╭─ PROVIDED RECORDS

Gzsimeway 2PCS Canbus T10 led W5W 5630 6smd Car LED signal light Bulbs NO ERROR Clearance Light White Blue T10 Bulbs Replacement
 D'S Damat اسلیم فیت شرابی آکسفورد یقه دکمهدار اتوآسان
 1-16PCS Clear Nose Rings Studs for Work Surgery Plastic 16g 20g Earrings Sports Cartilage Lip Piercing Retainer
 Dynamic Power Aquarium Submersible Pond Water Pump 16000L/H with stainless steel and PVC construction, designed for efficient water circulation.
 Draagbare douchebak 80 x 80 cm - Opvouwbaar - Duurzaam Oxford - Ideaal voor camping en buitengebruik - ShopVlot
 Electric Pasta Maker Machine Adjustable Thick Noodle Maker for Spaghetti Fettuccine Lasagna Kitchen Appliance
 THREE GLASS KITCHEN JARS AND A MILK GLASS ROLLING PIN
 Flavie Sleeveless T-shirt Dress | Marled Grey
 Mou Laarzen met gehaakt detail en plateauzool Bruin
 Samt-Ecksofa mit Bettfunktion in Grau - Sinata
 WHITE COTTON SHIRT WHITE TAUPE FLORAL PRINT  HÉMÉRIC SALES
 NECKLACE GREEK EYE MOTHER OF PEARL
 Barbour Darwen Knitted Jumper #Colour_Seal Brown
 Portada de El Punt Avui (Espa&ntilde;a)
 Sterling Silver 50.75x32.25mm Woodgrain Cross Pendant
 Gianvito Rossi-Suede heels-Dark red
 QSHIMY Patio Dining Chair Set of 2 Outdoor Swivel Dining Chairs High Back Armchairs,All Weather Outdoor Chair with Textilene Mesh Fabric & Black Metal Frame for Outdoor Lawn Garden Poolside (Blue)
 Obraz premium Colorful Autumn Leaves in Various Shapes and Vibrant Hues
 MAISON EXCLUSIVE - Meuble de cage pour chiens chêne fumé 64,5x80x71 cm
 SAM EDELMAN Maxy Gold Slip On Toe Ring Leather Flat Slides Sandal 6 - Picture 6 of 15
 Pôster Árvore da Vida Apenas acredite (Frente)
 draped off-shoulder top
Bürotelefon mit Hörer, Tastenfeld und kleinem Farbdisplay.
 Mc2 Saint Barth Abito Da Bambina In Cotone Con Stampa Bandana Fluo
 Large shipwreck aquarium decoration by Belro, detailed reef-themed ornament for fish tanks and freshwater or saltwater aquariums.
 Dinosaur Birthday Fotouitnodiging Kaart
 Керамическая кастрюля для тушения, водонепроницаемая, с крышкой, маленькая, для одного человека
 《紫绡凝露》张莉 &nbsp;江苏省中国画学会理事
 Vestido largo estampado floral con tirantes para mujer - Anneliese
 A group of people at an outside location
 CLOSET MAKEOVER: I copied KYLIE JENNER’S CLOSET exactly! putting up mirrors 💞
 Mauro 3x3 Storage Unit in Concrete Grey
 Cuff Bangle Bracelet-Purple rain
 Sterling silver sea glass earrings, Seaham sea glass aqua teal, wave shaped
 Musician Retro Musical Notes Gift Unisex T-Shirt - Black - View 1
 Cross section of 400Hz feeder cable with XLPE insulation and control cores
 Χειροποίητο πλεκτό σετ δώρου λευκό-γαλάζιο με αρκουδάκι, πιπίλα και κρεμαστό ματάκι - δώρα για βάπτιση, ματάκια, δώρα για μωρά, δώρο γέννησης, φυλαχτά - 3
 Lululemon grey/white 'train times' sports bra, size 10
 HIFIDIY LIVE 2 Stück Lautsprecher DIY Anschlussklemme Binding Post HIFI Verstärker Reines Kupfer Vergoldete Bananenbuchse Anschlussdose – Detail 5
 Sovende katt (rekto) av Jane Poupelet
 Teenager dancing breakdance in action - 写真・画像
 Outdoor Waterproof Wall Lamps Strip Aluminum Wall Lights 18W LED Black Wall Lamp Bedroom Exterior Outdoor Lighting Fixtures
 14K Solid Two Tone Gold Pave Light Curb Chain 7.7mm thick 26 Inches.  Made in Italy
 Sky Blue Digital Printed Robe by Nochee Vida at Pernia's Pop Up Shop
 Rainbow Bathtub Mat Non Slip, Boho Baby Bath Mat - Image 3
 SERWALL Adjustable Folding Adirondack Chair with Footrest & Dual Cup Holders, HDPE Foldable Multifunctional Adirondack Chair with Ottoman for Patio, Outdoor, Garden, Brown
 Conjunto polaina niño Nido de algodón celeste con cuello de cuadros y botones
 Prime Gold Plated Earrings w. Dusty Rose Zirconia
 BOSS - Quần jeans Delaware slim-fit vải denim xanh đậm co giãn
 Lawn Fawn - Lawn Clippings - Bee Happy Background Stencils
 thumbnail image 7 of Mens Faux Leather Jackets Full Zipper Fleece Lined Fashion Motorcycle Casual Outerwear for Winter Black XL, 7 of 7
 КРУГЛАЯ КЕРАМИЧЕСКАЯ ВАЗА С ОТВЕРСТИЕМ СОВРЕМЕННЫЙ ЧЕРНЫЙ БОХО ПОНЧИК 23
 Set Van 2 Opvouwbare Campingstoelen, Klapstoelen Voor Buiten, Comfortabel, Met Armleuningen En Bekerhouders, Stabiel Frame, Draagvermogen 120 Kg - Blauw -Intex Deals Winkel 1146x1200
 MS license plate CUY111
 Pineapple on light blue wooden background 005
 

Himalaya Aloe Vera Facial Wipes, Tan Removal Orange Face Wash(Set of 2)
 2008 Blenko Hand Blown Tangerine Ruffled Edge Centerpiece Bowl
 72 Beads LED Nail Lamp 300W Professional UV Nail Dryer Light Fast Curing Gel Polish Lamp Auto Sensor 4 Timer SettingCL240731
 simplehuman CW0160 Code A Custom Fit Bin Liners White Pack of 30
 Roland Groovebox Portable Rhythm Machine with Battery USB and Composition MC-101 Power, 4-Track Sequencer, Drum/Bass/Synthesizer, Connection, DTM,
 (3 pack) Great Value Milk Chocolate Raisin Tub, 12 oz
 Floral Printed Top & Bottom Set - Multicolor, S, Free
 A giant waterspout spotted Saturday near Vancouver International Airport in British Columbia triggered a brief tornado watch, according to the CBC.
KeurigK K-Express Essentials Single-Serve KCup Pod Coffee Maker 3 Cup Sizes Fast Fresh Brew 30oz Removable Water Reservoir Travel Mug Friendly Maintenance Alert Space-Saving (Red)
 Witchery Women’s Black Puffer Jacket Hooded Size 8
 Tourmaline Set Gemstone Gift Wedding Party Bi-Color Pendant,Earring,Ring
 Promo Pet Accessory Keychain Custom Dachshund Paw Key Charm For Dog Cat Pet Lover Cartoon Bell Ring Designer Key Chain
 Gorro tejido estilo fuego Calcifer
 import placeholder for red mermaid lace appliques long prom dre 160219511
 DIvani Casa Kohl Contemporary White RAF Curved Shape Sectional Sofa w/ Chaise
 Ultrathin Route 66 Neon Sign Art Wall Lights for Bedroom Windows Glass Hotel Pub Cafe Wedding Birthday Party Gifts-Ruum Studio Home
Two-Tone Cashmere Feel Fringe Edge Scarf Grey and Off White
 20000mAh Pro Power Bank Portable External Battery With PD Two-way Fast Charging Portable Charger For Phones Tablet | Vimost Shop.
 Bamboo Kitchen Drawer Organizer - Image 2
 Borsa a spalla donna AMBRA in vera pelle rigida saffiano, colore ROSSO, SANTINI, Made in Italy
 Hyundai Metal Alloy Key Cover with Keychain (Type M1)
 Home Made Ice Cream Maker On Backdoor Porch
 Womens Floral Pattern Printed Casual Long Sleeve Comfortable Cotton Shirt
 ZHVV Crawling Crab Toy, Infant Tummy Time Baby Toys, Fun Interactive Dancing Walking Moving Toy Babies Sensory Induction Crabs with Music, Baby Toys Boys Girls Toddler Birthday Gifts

╰─

Only the number is wanted: how many lines in the data include the word "Bedroom"?

2